The LEO has two accelerator programmes, Ambition and SCALE-X, but more help is needed for businesses like mine that are service based. My business is about communications, but the available funding streams are very tech and export focused. While support for entrepreneurs has really increased, we could do more to help scale businesses that don’t have export or manufacturing at their core. More could be done for early-stage funding and increased access to angel funding or venture capitalists, especially for females.
There should be more support for small business owners who build sustainable, indigenous businesses. They don’t get the same support as those identified as high potential start-ups, but they do so much for the economy. They employ so many people and they are the heartbeat of local communities.
“There should be more support for small business owners who build sustainable, indigenous businesses”
In terms of lessons learned? What would you pass on to other people?
Having systems in place is important in business. I was taught that by a great mentor. Whether it’s onboarding, offboarding, communicating online or getting customer feedback, figure out what you’re saying at every step of that process and keep them as templates so you don’t have to create everything from scratch with new clients.

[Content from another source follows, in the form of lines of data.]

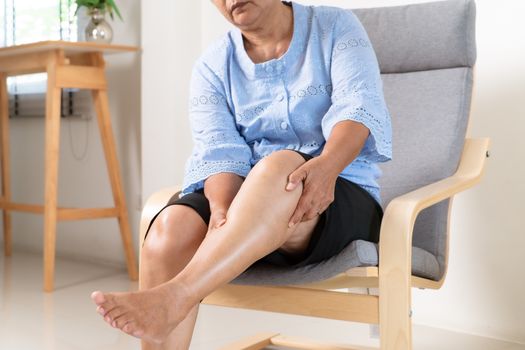 senior woman suffering from knee pain at home, health problem concept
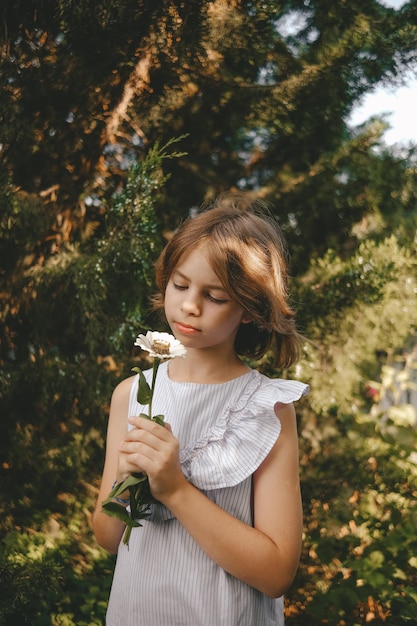 girl holding white daisy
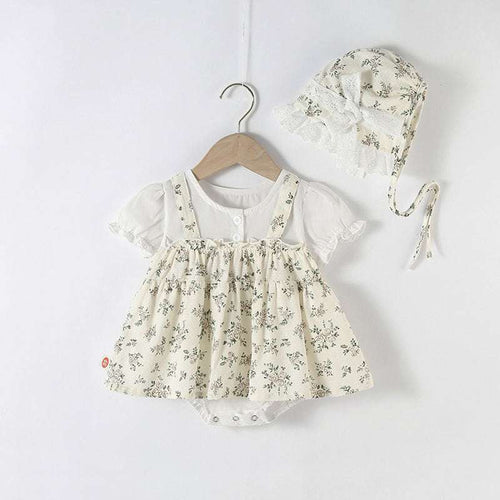 Cream floral short-sleeve romper on hanger with matching lace headband
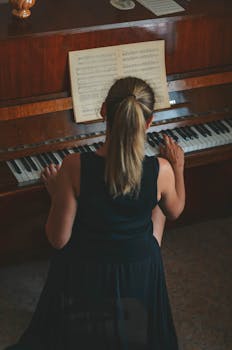A woman playing the piano with sheet music in a warm interior setting.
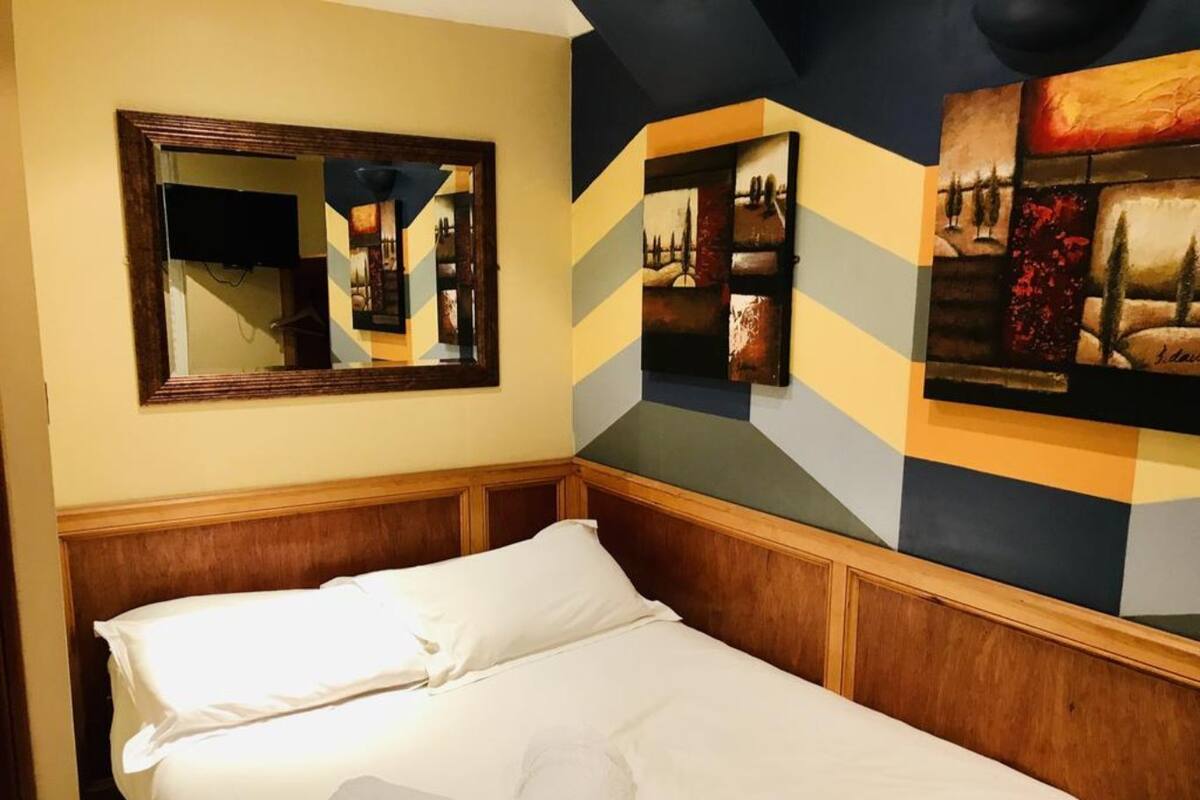 Hotellihuone, jossa on sänky, suuri peili ja kaksi taulua seinällä.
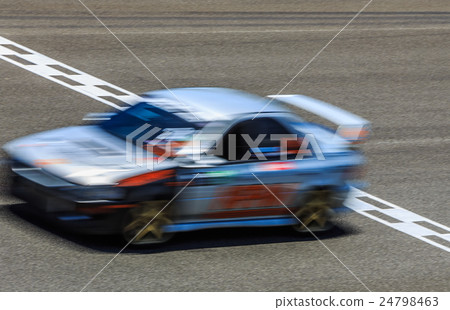 Race car racing on speed track with motion blur cr 24798463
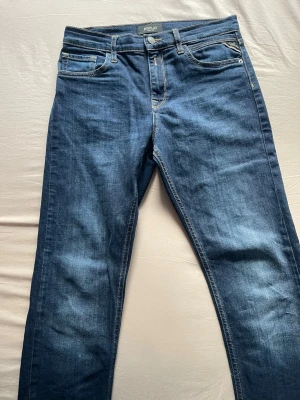 Replay - Säljer ett par klassiska blå jeans från Replay med rak passform och fem fickor. Jeansen har snygga slitningar och kontrastsömmar, samt en traditionell knappgylf. Perfekta för dig som gillar tidlös denimstil. Passar s-m.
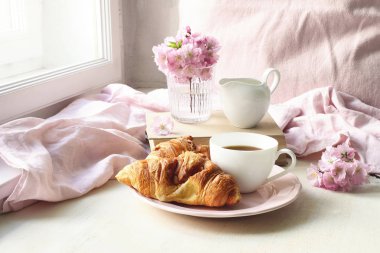 Bahar natürmort sahnesi. Bir fincan kahve, kruvasan böreği, eski kitaplar ve süt sürahisi. Vintage kadınsı tarz fotoğraf. Pembe sakura ile çiçek kompozisyonu, beyaz masada kiraz ağacı çiçekleri.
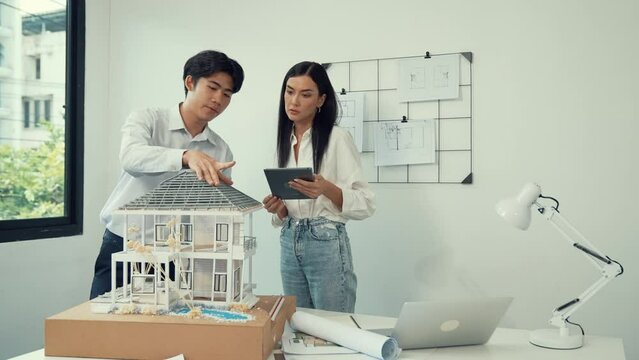 Beautiful young caucasian project manager brief asian engineer by using tablet while engineer measuring house model on meeting table with blueprint, architectural equipment scatter around. Immaculate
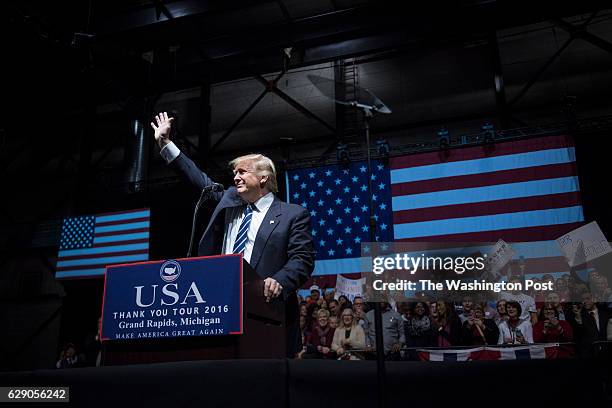 President-Elect Donald J. Trump waves as he walks out to speak at a "USA Thank You Tour 2016" event at the DeltaPlex in Grand Rapids, Mi. On Friday,...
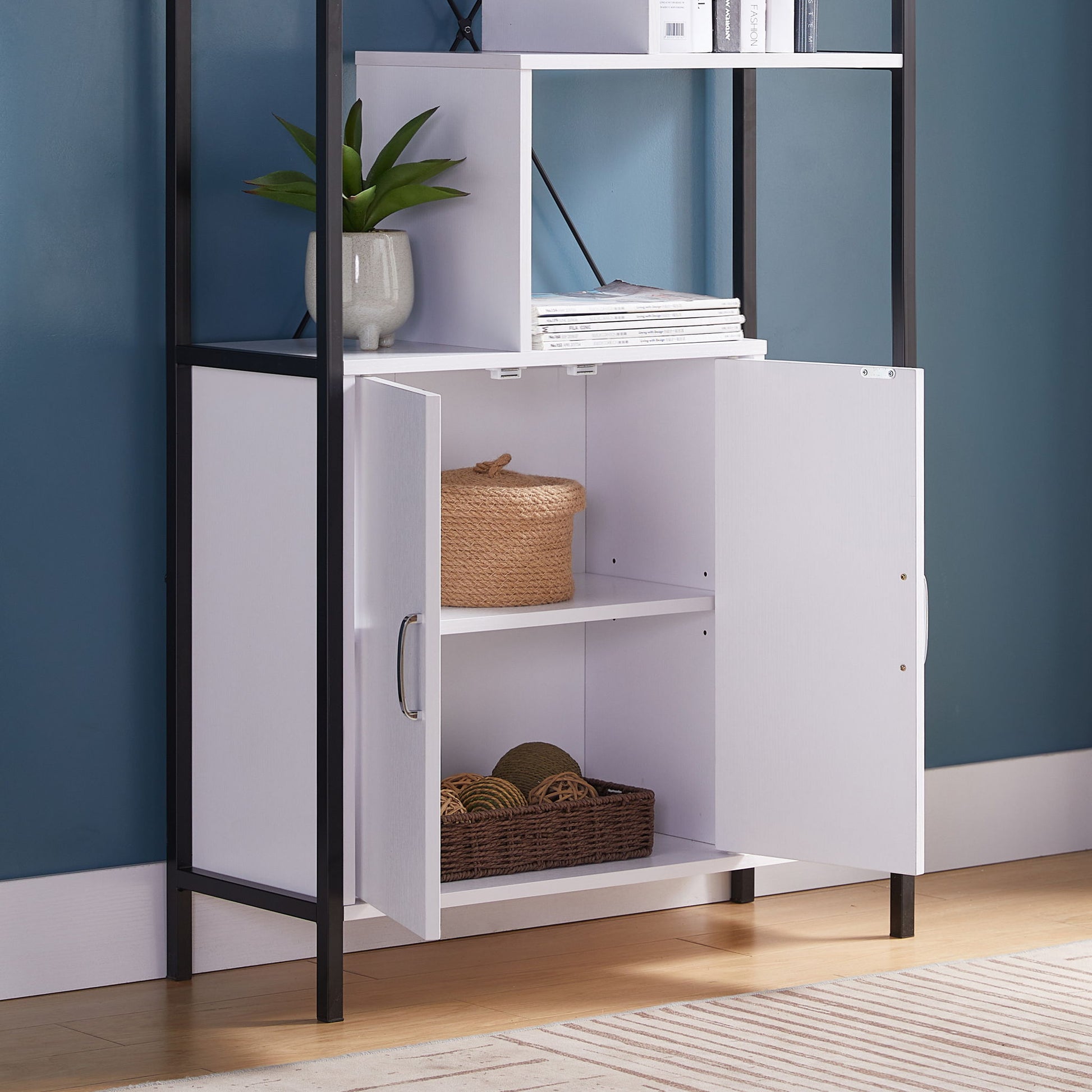 The Modern Bookcase With Two Door Storage Cabinet With Two Shelves features open doors revealing shelves with baskets of yarn, a potted plant, and books. The stylish piece stands out against a blue wall.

The second lesson I learned is to lean on your community. Whether that’s peer to peer, getting a mentor or meeting people for a coffee, don’t be afraid to connect with people who work in a similar area to you. There’s a huge amount of competition out there so if there’s somebody doing something like you and you like the way they do it, tell them. Create unity, build your network, don’t work in isolation. Be generous with your time and you’ll get a lot back.
Get comfortable with your finances, get a good accountant, and build up a cushion so that no matter what happens you are starting to build a safety net. I wasn’t taught enough about finances – I’ve had to teach myself. Ask for guidance from other people and listen to it, take on what works and leave the rest. There’s a saying – new level new devil – and it’s apt for business because no matter what stage you’re at, there are new challenges. Thinking you’ll get to a place where things are easy doesn’t happen. What happens is you build more community, get more experience, and become more resilient and confident in your capacity to deliver your offering.
“That’s what storytelling is about – being able to express your voice and honour the people who’ve come before you and shaped you”
What is your proudest moment?
Giving the Nollaig na mBan TEDx talk in 2019 where I was able to pay homage to my grandmother, who had a great story. Telling her story on the TEDx stage and honouring her memory was absolutely core for me. That’s what storytelling is about – being able to express your voice and honour the people who’ve come before you and shaped you.
What are your plans for the future?
I’m writing a book due to be published in early 2024, and I have a strong feeling it could become a series of books. It’s about why storytelling matters for leaders. I want to grow my team so that I can scale the business and reach more people; to offer a combination of in-person and digital services for my clients in Ireland and globally.